Records from a dataset
= = =
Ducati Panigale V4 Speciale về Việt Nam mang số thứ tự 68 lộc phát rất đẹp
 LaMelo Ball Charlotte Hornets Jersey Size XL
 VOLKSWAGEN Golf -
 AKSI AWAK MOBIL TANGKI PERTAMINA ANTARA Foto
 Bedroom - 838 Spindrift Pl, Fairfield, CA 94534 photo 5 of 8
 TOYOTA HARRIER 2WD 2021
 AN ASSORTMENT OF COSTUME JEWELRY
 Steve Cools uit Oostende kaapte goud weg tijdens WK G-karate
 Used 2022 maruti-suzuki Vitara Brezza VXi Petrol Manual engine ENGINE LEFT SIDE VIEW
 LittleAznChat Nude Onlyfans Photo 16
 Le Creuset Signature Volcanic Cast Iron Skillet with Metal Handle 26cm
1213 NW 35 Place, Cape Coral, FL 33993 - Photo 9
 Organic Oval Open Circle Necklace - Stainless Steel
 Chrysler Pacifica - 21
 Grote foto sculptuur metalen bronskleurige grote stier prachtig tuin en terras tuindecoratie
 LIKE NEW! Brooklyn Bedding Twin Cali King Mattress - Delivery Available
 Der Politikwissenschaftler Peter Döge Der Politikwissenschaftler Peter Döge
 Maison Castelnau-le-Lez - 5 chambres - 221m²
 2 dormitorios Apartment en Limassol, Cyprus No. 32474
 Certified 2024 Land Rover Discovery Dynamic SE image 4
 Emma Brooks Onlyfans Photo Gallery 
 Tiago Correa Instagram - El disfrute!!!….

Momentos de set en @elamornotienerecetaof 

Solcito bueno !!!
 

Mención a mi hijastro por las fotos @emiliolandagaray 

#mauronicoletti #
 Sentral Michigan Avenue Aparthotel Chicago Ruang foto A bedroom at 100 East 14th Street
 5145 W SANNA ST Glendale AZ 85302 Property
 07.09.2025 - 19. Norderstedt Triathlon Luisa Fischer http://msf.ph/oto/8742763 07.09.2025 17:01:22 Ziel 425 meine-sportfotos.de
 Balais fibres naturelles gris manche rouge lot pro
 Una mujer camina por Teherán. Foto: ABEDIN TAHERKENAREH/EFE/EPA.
= = =
Assignment => The answer must contain only the lines from the one with "Certified 2024 Land" to the end of the entries above, each written out exactly.

Response to this exercise =>
 Certified 2024 Land Rover Discovery Dynamic SE image 4
 Emma Brooks Onlyfans Photo Gallery 
 Tiago Correa Instagram - El disfrute!!!….

Momentos de set en @elamornotienerecetaof 

Solcito bueno !!!
 

Mención a mi hijastro por las fotos @emiliolandagaray 

#mauronicoletti #
 Sentral Michigan Avenue Aparthotel Chicago Ruang foto A bedroom at 100 East 14th Street
 5145 W SANNA ST Glendale AZ 85302 Property
 07.09.2025 - 19. Norderstedt Triathlon Luisa Fischer http://msf.ph/oto/8742763 07.09.2025 17:01:22 Ziel 425 meine-sportfotos.de
 Balais fibres naturelles gris manche rouge lot pro
 Una mujer camina por Teherán. Foto: ABEDIN TAHERKENAREH/EFE/EPA.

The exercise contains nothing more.